> **TASK PROMPT**: While you copy the lines below, skip the pictures and keep the rest exact.

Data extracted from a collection
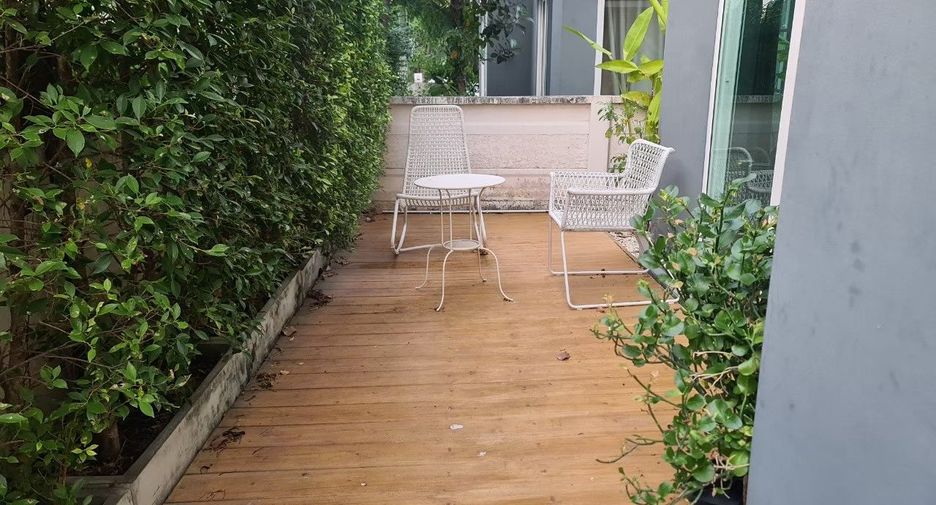 For sale 3 bedrooms house in Don Mueang, Bangkok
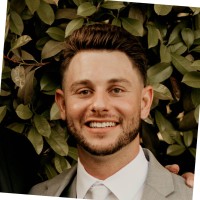 Cody Butterfield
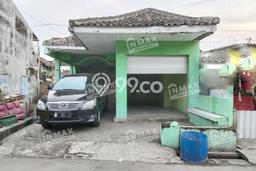 Dijual Rumah Modern 5 KT di Sidoarjo, Surabaya Dijual Rumah Modern 5 KT di Sidoarjo, Surabaya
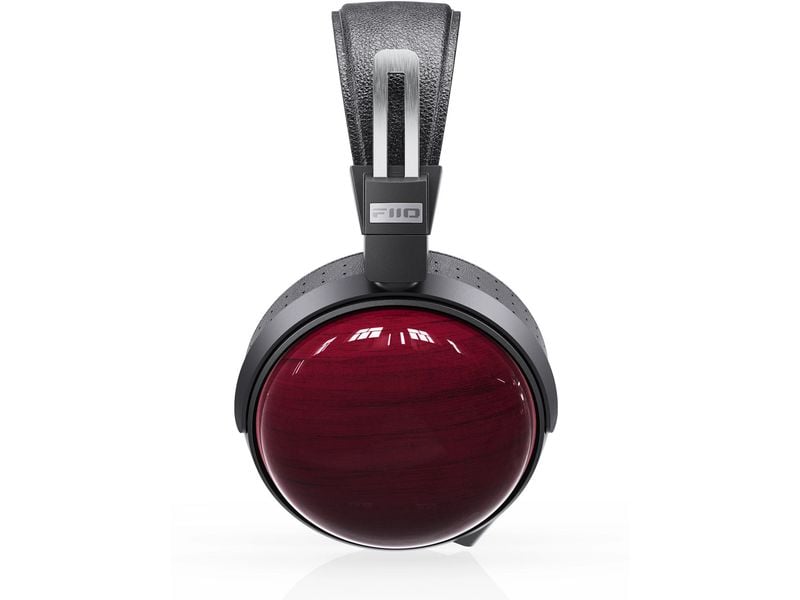 FiiO Over-Ear-Kopfhörer FT13 Purpur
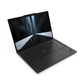ThinkPad T14 2025 酷睿Ultra7 工程师本 7WCD图片
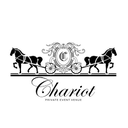 Chariot Gathering House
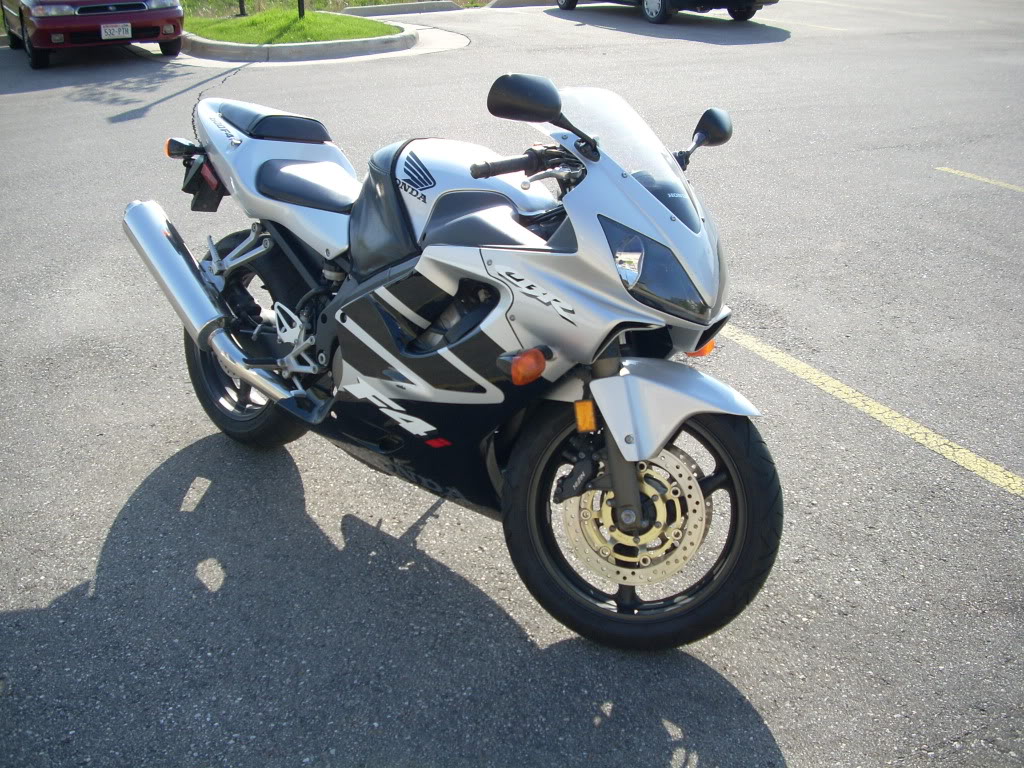 Name:  Rightfront.jpg
Views: 260
Size:  257.4 KB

> **RESPONSE BOX**:
 For sale 3 bedrooms house in Don Mueang, Bangkok
 Cody Butterfield
 Dijual Rumah Modern 5 KT di Sidoarjo, Surabaya Dijual Rumah Modern 5 KT di Sidoarjo, Surabaya
 FiiO Over-Ear-Kopfhörer FT13 Purpur
ThinkPad T14 2025 酷睿Ultra7 工程师本 7WCD图片
 Chariot Gathering House
 Name:  Rightfront.jpg
Views: 260
Size:  257.4 KB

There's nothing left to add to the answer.